Bachelder was candid on reveling the company’s findings, noting its analysis of the business confirmed its wounds were “predominantly self-inflicted.”
“Decision-making of our critical areas of the business was poor, and costs were not managed to match the performance,” she said. “We also lost focus on our core customer. These are things within our power to correct. In fact, our core customer continued to shop our stores in the second half of last year, but we didn't have the Pier 1 treasures that she came for.”
Bachelder noted their discovery that that core customer is continuing to shop was aided by CRM analysis and she claimed that in August customers will see a “discernible improvement in the mix, quality and style” of merchandise.
Pier 1 is also taking action around the store experience and marketing.
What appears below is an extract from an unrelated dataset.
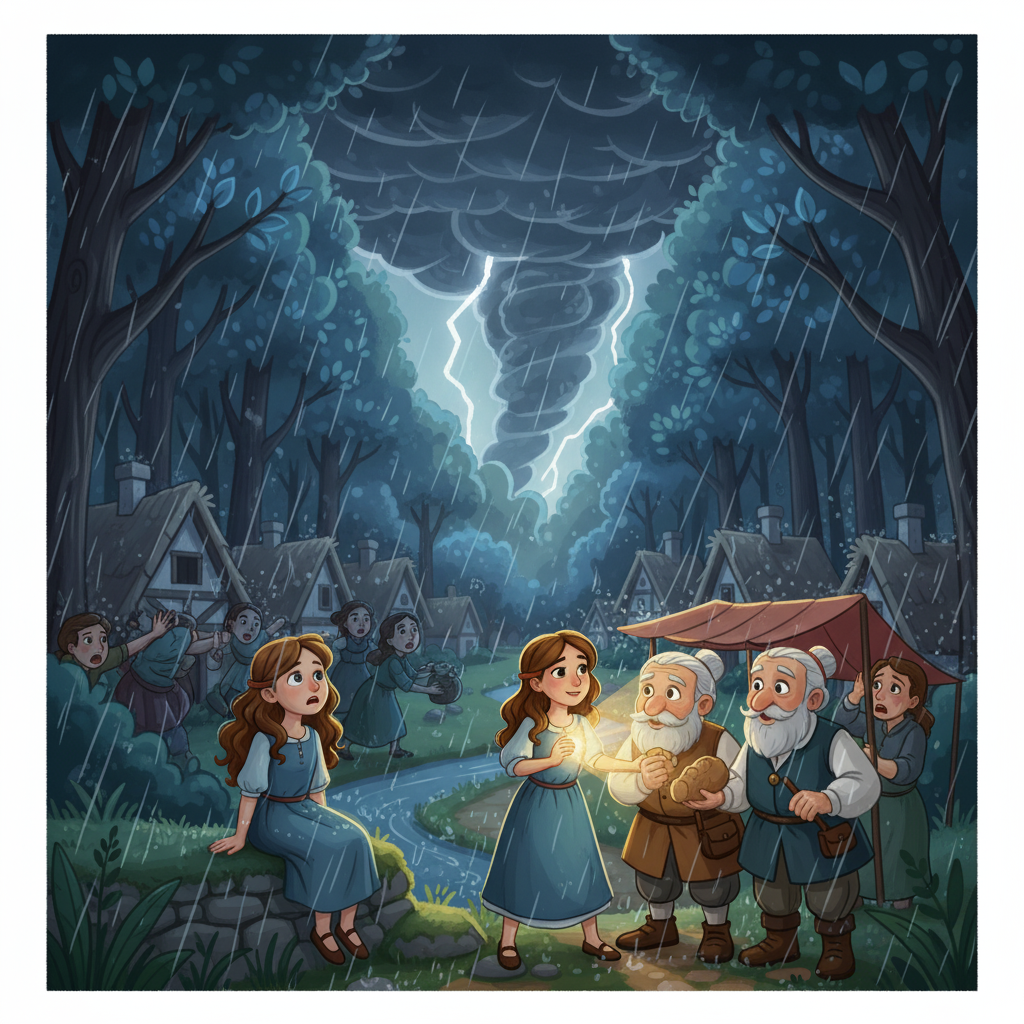 During a terrible storm, the villagers, consumed by fear and selfishness, turned against each other. Elara, remembering the guiding light, found strength in her faith. She helped the ones in need, showing them kindness, and reminding them of their values.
“In developing our spring merchandising, we emphasized design details and color stories to ensure we deliver a more sensory experience that inspires our customers,” she noted.
Additionally, the company engaged consultants to help Pier 1 look at its business holistically and reengineer processes.
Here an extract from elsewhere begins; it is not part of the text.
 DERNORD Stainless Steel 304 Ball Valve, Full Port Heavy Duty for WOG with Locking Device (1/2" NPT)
“They have helped us identify top line growth and margin improvement opportunities, ways to strengthen the composition of our inventory and multiple areas where we can reduce cost,” she said. "Importantly, they're helping us execute more quickly as we focus on turning the business, while also building the internal capabilities for the future.”
A changing team
Pier 1 also announced it has named Deborah Rieger-Paganis as interim CFO, effective immediately. Her appointment follows the abrupt departure of Nancy Walsh, who has served in the role for nearly 15 months.
“Since December, we've assembled a strong group of senior leaders to accomplish our goal, and Deb's addition as interim CFO rounds out this team,” Bachelder said. “Our new chief customer officer, Donna Colaco, is driving a bold new view of our brand, merchandise and marketing. William Savage is challenging our sourcing and supply chain to become a strong competency for the future. And our new CIO, Lance Wills, is crafting our customer-facing capability that builds relationship and loyalty with our customer.”
Pier 1’s 2020 action plan
The company has set forth a 2020 action plan, designed to reset Pier 1’s operating model and rebuild its business for the future, Bachelder said. It focuses on improving five areas: revenue and margins, marketing and promotional effectiveness, sourcing and supply chain, cost cutting and store optimization.
As part of its cost cutting, the retailer said it is eliminating nonessential spend in IT, store operations, supply chain, facilities management and human resources.
The plan is expected to deliver benefits of approximately $100 million to $110 million in fiscal 2020 by resetting the company’s gross margin and its cost structure. Pier 1 will then reinvest a portion of these savings to reset its assortment strategy, build core capabilities and drive long-term efficiencies.
“We are continuing to focus on opportunities and initiatives to help drive incremental benefits in the coming years, creating the runway to return our brand to long-term health and sustainable financial performance,” said Bachelder. “I am pleased to see our teams executing against our new action plan with urgency and believe our customer will return to a revitalized Pier 1 this fall.”